RECORDS FOR THE TASK:
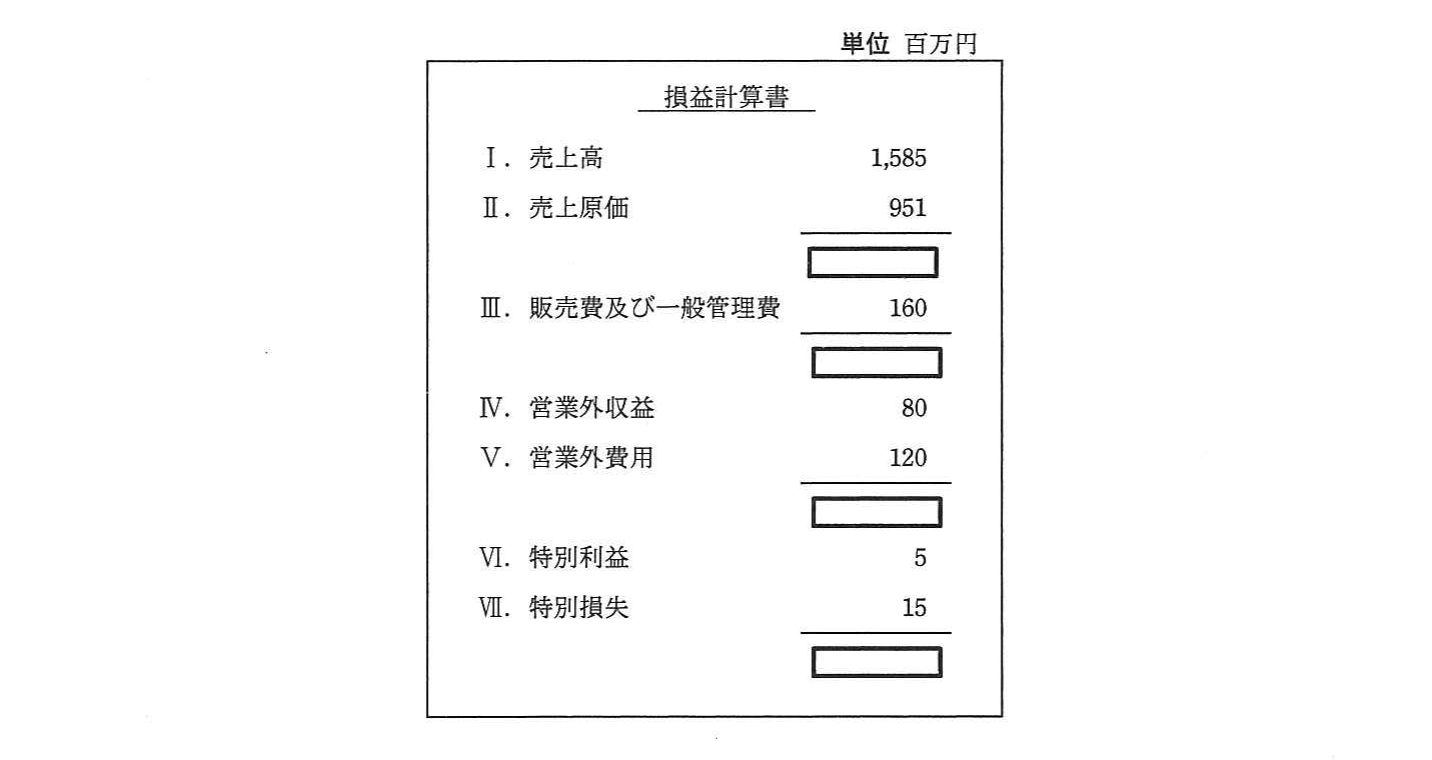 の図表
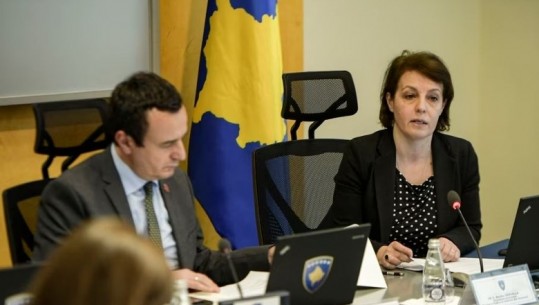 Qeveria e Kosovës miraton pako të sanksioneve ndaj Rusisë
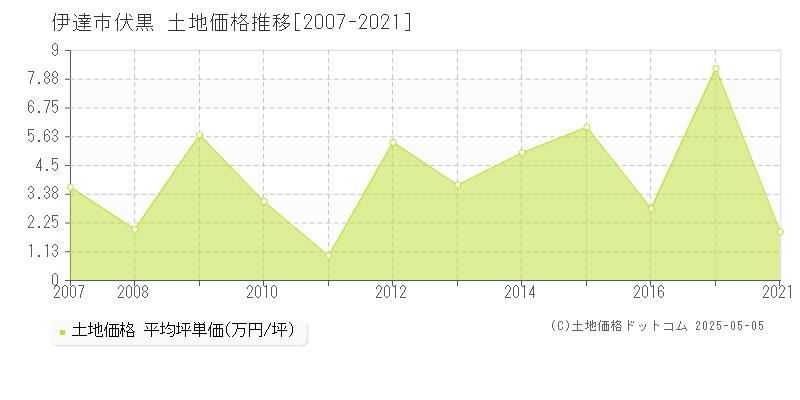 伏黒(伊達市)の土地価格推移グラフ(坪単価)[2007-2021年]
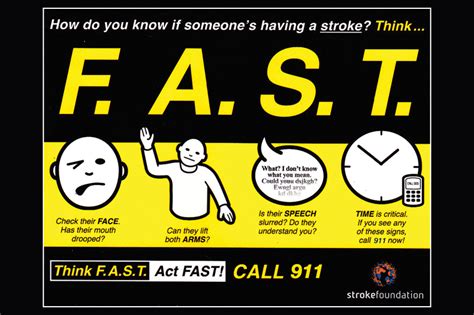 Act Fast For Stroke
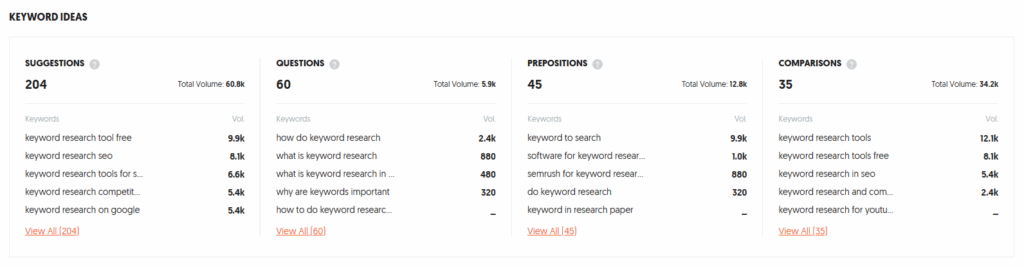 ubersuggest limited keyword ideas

REQUIRED WORK:
Could every entry above be printed again exactly, images excluded?

RESPONSE TO THIS EXERCISE:
 の図表
 Qeveria e Kosovës miraton pako të sanksioneve ndaj Rusisë
 伏黒(伊達市)の土地価格推移グラフ(坪単価)[2007-2021年]
 Act Fast For Stroke
 ubersuggest limited keyword ideas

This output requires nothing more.